The problem I'm working on involves more than just the question I've put in the title. I'm proving that $1$ is the supremum of the set $S$ where $S$ is $\text {the set of all integers in the open interval}$ (0, 5/3).
This set obviously only contains one element, 1, and I could prove this using the fact that this interval only has one element, so it is the maximum, and if there's a maximum it is also the supremum, yadda yadda yadda. But it got me curious about how to prove the maximum of a set that is defined by an interval where we're talking about the set of integers on an interval where the defined with non-integer numbers.

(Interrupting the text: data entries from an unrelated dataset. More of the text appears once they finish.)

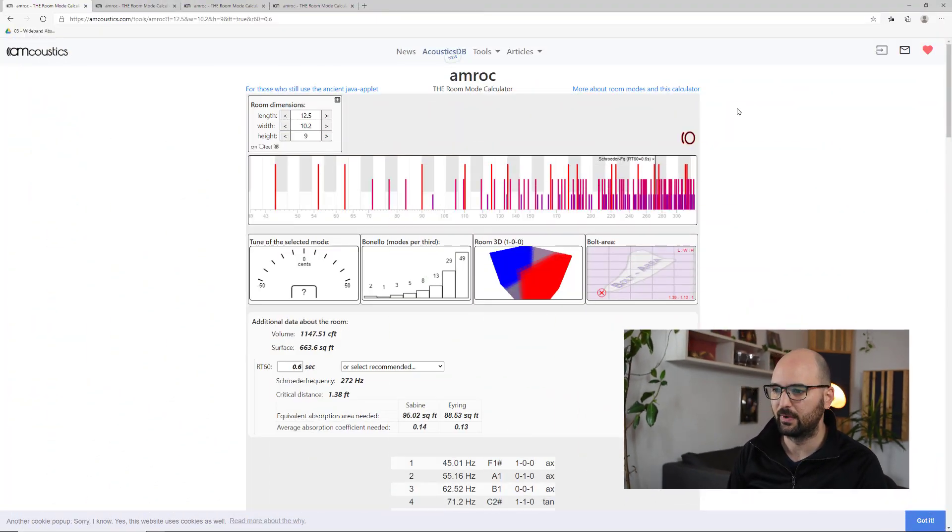Let's look at the example I mentioned: a spare bedroom versus a basement. I'm going to use the AMROC room mode calculator. We enter the major dimensions of the room and it calculates at what frequencies standing waves can form in that space, shown on a frequency graph where each line represents a potential standing wave. With a small spare bedroom of about 12 by 10 feet with 9-foot ceilings, the first standing wave forms at about 45 Hz.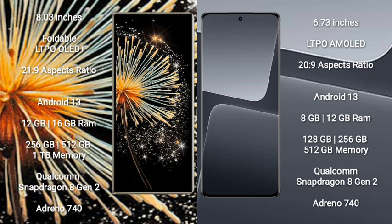Xiaomi Mix Fold 3 comes with 12GB or 16GB RAM, and 256GB, 512GB, or 1TB internal storage, powered by a Qualcomm Snapdragon 8 Gen 2 processor with Adreno 740 GPU. Xiaomi 13 Pro comes with 8GB or 12GB RAM, and 128GB, 256GB, or 512GB internal storage, also powered by the Qualcomm Snapdragon 8 Gen 2 processor with Adreno 740 GPU.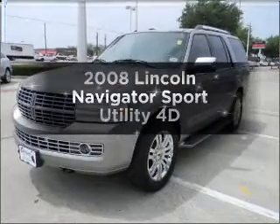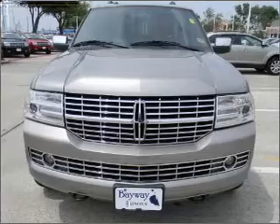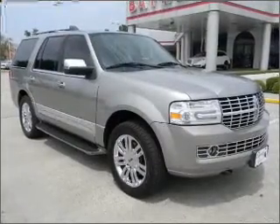Imagine yourself in this 2008 Lincoln Navigator. Travel the roads in style and comfort in this great vehicle, with a reliable engine connected to a smooth shifting automatic transmission.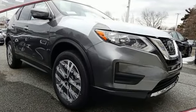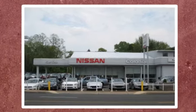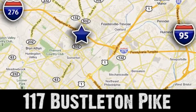Nissan excites the senses. Experience it for yourself today. If you can't make a deal with Colonial Nissan, you can't make a deal with anybody. We're conveniently located at 117 Busselton Pike in Feasterville, Travost, Pennsylvania.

So, in the case of the set $S$ where $S$ is $\text {the set of all integers on the open interval}$ (a,5/2) where $a$ is arbitrary but less than 2, how could I prove that 2 is the maximum of $S$?
My attempt would be to show first that there is no value $x \in S$ such that $ x \gt 2$ , then show that $2 \in S$, but is there a better way to do this?
The "greatest integer function" seems to be an ideal tool for this job. We define $\lfloor x\rfloor$ as the greatest integer less than or equal to $x$. Since $\frac52$ is not an integer, we have that $\left\lfloor\frac52\right\rfloor<\frac52$, and then we note that it equals $2$, which is greater than $a$, and thus in the interval.
Does that work?